• PROVIDED ENTRIES
• • • • •

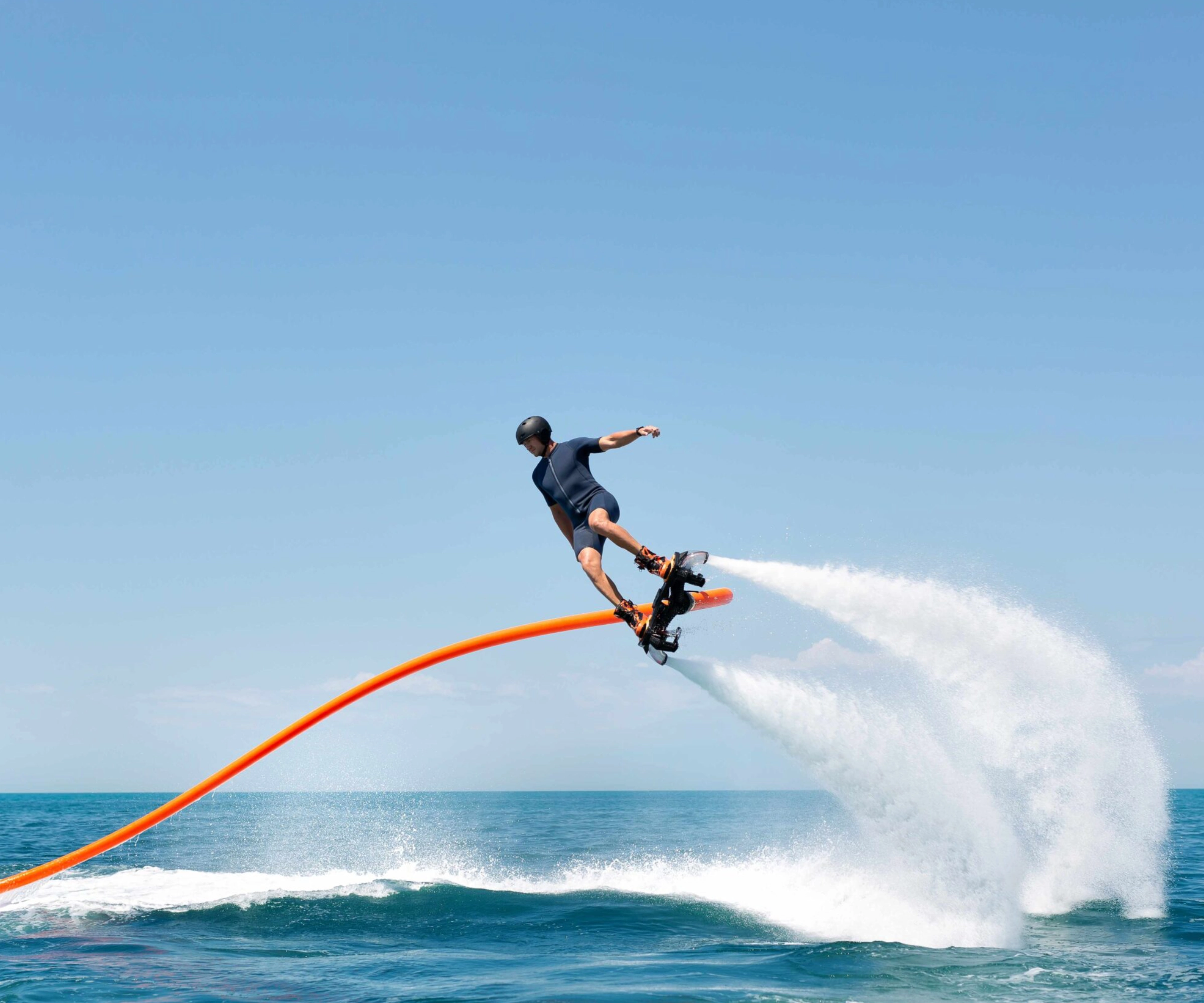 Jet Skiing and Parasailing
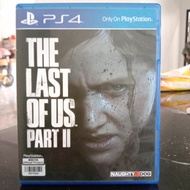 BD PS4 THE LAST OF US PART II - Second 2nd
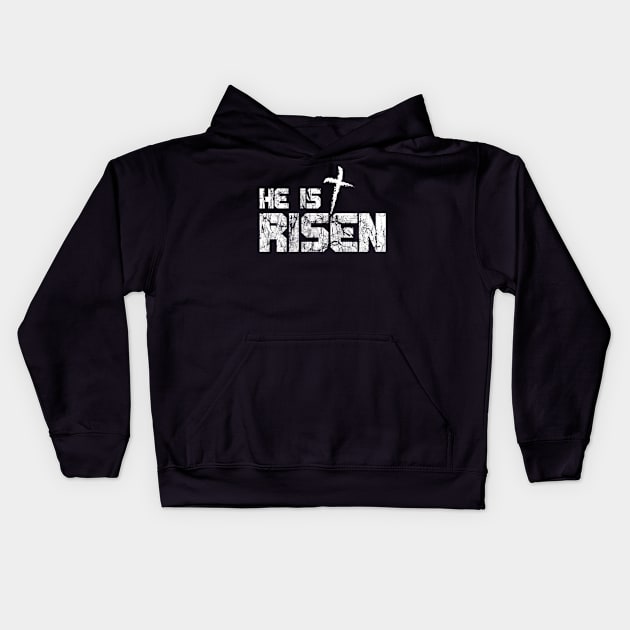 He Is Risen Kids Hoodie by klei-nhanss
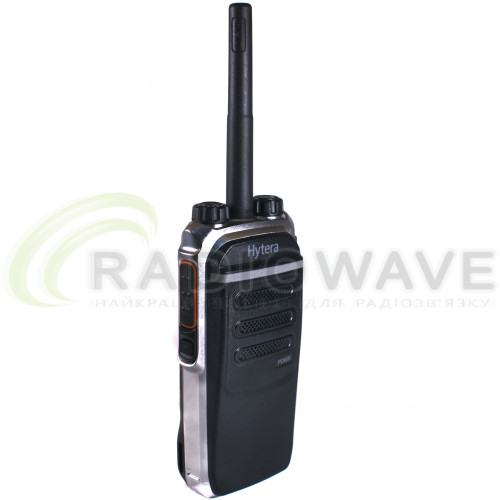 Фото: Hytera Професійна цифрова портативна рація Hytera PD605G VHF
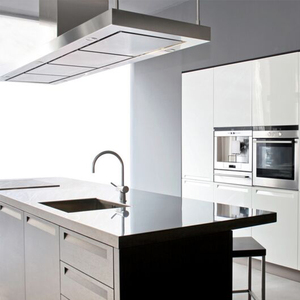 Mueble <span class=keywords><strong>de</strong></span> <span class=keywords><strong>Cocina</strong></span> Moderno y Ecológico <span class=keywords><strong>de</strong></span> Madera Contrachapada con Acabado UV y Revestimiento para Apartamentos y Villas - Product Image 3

• • • • •

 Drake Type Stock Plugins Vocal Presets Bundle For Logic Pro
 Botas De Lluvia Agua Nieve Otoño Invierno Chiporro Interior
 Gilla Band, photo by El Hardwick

• • • • •

• EXERCISE REQUIREMENTS
Only one stretch of the entries above is needed: the lines from the one containing "BD PS4 THE LAST OF US PART II - Second 2nd" through the one containing "Mueble <span class=keywords><strong>de</strong></span>". Copy it exactly, without the pictures.

• WRITTEN ANSWER
 BD PS4 THE LAST OF US PART II - Second 2nd
 He Is Risen Kids Hoodie by klei-nhanss
 Фото: Hytera Професійна цифрова портативна рація Hytera PD605G VHF
 Mueble <span class=keywords><strong>de</strong></span> <span class=keywords><strong>Cocina</strong></span> Moderno y Ecológico <span class=keywords><strong>de</strong></span> Madera Contrachapada con Acabado UV y Revestimiento para Apartamentos y Villas - Product Image 3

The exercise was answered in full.